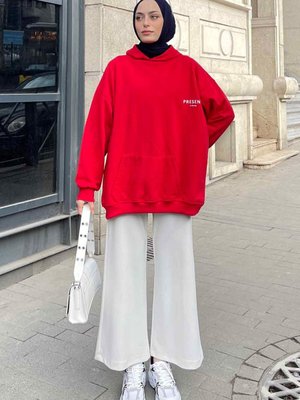 Present Baskı Detaylı Sweatshirt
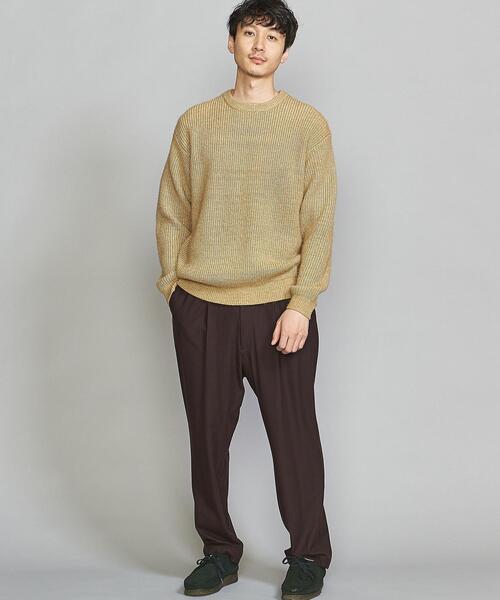 BEAUTY&YOUTH UNITED ARROWS（ビューティーアンドユースユナイテッドアローズ）の「BY ソフト ツイル ファット ノープリーツ パンツ（スラックス・メンズ・ブラック/ダークブラウン・S/M/L/XL）」の7枚目の写真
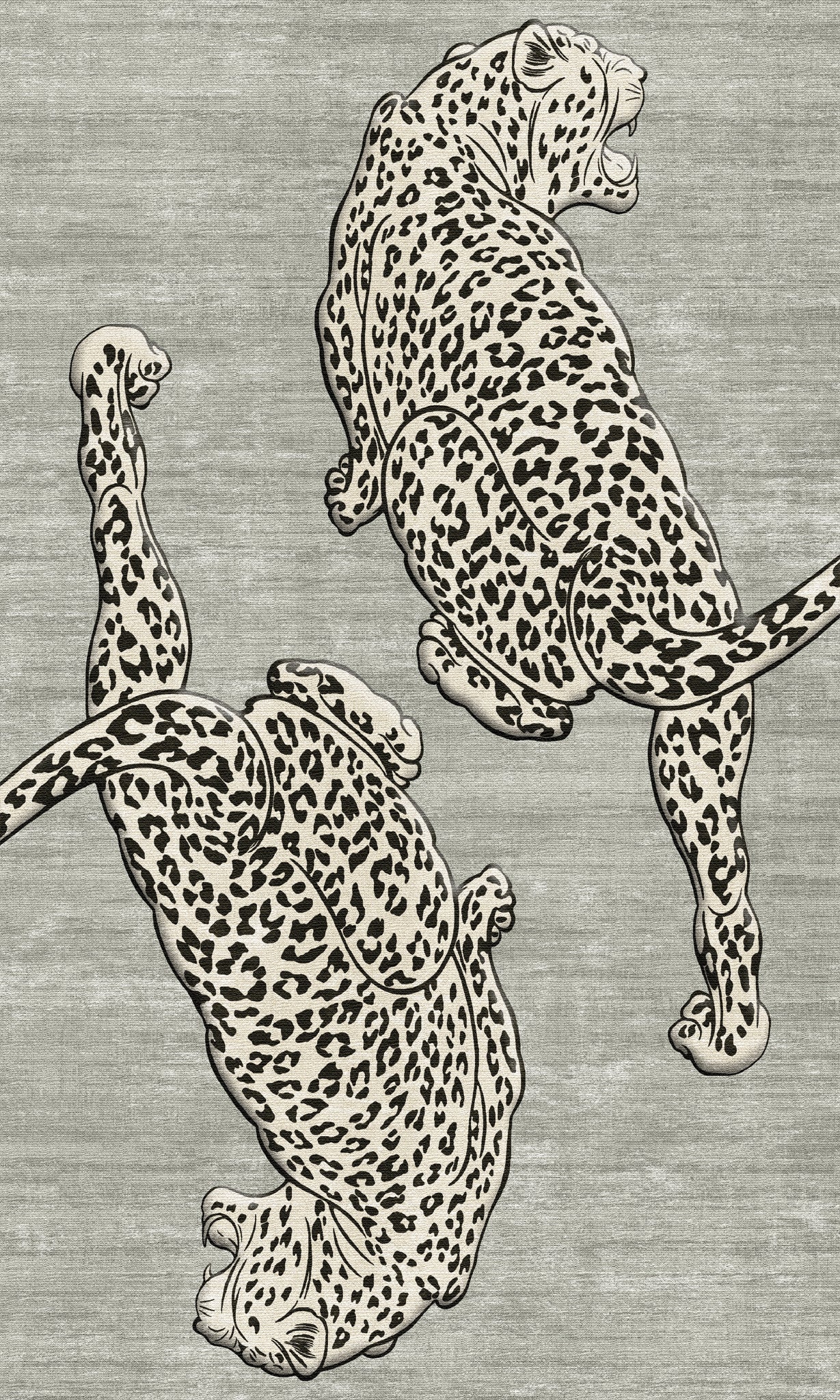 Cyrus Gewagter Teppich mit Leopardenmuster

*-*-*

Work instruction
The whole listing above, word for word: repeat it with the pictures excluded.

Response to this task
 Present Baskı Detaylı Sweatshirt
 BEAUTY&YOUTH UNITED ARROWS（ビューティーアンドユースユナイテッドアローズ）の「BY ソフト ツイル ファット ノープリーツ パンツ（スラックス・メンズ・ブラック/ダークブラウン・S/M/L/XL）」の7枚目の写真
 Cyrus Gewagter Teppich mit Leopardenmuster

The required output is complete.